● Supplied material:
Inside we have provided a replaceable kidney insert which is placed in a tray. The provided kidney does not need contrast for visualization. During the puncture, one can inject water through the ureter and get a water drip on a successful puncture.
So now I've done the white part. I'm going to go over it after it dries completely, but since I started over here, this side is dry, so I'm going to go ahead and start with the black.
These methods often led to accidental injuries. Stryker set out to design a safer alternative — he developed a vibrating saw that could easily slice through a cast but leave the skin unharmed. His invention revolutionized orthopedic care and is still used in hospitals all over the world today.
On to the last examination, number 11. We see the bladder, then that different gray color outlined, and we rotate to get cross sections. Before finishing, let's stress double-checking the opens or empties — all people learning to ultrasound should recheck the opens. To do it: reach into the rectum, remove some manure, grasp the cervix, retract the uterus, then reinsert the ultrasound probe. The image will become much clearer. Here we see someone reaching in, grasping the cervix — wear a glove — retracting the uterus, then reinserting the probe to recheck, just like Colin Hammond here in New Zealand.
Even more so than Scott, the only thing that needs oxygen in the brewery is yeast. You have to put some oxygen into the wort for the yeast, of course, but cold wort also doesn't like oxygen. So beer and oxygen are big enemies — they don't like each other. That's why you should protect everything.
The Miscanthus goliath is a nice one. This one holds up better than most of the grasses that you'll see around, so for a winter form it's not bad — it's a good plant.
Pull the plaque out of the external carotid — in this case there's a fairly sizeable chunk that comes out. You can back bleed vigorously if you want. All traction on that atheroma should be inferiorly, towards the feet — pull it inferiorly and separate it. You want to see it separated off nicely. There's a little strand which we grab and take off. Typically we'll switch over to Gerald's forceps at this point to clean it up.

● Problem to solve: An exact copy of the lines above, from the one containing "So now I've" down to the one containing "These methods often" and including both, is the whole answer; retype it and nothing else.

● Solution to this exercise:
So now I've done the white part. I'm going to go over it after it dries completely, but since I started over here, this side is dry, so I'm going to go ahead and start with the black.
These methods often led to accidental injuries. Stryker set out to design a safer alternative — he developed a vibrating saw that could easily slice through a cast but leave the skin unharmed. His invention revolutionized orthopedic care and is still used in hospitals all over the world today.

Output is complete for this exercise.